> **EXERCISE BRIEF**: Only a number is expected: how many lines in these records mention the word "wearing"?
________________
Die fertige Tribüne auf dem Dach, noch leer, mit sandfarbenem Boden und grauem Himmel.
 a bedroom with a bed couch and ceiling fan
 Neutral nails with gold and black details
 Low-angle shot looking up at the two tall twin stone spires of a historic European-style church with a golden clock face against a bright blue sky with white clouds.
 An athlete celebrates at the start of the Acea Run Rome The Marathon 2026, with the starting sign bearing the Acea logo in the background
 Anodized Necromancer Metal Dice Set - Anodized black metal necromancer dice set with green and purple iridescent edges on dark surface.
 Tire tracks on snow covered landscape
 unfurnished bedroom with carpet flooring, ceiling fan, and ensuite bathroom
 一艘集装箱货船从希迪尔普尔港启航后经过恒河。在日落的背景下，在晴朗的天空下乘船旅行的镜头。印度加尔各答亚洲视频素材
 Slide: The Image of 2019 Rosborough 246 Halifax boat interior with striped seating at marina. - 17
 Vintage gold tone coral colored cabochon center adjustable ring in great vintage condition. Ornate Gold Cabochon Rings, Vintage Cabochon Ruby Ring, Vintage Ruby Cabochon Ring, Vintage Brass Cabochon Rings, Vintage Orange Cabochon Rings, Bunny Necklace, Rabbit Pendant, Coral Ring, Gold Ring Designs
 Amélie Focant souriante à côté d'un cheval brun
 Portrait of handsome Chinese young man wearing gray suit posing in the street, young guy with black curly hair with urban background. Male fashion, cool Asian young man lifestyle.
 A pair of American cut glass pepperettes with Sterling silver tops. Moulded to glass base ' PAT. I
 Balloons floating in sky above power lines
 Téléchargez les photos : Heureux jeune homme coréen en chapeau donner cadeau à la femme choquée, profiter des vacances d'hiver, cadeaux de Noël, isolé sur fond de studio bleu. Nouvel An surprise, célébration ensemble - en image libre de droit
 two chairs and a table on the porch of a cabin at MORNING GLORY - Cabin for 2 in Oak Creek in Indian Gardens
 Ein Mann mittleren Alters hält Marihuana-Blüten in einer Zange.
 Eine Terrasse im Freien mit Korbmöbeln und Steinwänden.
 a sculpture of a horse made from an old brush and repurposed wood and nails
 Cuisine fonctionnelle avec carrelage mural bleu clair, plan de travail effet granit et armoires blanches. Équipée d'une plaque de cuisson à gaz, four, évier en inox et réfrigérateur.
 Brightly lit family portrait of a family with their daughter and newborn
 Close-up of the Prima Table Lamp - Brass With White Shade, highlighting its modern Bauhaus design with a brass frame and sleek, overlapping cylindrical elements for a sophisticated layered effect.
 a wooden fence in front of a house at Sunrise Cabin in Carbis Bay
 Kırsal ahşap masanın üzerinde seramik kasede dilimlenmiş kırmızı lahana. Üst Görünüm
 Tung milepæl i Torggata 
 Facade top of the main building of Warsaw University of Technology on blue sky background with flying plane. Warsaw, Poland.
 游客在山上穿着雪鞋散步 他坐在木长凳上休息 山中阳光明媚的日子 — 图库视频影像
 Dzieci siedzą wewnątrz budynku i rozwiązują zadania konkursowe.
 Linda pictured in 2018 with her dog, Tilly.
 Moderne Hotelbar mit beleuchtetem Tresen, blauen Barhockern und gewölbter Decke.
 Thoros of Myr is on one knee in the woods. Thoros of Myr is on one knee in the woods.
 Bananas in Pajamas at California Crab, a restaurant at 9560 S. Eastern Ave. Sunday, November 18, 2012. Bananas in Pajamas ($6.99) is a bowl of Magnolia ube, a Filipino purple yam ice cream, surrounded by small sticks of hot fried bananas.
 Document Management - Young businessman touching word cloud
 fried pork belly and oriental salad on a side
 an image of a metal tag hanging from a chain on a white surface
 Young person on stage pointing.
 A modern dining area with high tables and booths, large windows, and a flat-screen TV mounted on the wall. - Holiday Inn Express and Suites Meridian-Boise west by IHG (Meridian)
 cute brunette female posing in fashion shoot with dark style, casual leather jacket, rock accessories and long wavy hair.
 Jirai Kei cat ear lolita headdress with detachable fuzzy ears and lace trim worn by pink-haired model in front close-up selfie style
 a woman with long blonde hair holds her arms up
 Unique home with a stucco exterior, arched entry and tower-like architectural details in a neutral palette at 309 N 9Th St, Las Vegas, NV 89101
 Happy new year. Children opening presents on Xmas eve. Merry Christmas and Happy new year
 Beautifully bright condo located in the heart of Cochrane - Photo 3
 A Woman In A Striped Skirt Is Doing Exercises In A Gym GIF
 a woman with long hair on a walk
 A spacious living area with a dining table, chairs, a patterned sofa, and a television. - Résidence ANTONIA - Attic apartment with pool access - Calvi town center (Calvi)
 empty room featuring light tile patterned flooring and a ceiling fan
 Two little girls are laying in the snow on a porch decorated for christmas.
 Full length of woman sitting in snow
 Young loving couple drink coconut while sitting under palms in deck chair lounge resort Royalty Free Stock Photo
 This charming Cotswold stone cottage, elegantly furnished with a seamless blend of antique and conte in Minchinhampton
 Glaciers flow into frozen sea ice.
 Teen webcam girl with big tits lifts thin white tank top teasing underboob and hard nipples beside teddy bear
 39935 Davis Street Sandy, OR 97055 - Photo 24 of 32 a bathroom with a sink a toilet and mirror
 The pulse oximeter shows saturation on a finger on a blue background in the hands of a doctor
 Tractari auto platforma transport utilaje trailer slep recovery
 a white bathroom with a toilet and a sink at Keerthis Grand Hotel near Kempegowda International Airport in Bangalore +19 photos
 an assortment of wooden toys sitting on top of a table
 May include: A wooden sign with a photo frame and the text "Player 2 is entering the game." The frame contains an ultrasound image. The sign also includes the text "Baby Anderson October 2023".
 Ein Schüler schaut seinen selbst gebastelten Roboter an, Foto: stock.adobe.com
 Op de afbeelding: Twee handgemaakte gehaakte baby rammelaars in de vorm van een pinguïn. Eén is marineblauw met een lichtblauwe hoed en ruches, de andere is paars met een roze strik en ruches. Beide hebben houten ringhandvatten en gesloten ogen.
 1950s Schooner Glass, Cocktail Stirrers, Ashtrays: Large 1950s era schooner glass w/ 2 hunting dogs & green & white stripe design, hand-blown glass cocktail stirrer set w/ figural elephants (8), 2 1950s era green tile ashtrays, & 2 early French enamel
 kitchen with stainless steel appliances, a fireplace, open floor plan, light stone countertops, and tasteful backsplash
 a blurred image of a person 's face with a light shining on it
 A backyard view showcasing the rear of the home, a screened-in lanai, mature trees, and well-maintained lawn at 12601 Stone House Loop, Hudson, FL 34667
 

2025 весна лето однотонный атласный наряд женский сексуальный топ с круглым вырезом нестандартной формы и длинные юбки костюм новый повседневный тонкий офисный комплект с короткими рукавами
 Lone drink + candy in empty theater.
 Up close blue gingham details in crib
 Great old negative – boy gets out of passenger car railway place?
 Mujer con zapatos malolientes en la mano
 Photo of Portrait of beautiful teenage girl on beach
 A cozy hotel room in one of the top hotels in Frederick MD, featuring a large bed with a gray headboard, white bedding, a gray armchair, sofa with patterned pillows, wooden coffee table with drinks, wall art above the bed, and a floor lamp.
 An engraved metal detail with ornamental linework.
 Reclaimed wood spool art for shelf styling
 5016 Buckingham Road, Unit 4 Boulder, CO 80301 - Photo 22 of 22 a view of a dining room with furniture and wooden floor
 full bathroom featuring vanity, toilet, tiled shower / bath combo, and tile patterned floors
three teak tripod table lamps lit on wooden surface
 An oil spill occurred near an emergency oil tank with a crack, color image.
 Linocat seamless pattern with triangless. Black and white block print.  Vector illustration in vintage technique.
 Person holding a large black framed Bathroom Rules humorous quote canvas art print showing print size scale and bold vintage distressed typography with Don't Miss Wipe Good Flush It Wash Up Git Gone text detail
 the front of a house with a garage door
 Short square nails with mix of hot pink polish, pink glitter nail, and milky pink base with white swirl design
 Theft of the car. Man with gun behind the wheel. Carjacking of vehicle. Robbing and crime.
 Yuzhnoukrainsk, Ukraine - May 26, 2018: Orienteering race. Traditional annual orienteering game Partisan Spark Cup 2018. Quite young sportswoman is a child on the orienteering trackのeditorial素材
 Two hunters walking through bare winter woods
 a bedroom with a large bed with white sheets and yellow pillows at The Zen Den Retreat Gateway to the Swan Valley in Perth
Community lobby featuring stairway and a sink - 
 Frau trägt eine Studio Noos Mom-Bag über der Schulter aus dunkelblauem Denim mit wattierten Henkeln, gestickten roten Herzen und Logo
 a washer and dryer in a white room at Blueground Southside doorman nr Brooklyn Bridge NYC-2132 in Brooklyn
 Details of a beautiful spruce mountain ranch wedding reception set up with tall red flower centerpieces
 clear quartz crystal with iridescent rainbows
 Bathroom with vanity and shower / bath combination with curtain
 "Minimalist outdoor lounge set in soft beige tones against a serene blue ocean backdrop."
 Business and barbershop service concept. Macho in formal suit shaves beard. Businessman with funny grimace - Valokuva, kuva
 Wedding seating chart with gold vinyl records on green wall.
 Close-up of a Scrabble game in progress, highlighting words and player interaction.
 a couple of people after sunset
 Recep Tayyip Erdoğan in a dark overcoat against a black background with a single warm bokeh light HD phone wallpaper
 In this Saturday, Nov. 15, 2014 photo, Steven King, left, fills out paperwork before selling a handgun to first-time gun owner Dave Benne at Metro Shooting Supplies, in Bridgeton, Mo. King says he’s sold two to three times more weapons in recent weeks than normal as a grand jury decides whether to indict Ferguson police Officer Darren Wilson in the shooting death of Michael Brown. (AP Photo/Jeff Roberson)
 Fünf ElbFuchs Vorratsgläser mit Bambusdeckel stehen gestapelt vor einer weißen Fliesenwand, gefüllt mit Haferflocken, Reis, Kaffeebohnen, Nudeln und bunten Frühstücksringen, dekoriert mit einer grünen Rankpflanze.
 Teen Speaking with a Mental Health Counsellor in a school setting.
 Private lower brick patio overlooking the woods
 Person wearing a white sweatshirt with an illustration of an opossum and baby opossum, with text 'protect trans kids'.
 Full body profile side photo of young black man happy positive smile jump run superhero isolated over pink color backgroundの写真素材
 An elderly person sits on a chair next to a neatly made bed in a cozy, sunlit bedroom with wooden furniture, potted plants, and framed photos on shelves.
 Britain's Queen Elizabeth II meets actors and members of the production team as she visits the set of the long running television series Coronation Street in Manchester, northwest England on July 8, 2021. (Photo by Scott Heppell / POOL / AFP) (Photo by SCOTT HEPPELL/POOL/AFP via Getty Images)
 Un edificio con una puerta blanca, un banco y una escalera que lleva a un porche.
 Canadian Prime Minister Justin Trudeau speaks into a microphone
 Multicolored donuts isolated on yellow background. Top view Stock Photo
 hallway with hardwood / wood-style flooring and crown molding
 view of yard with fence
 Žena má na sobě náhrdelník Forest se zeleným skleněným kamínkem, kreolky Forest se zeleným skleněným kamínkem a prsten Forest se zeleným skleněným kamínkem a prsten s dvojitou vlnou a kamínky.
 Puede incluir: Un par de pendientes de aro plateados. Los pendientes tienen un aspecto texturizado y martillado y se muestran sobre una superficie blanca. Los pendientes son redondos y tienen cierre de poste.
________________
> **ANSWER SPACE**: 2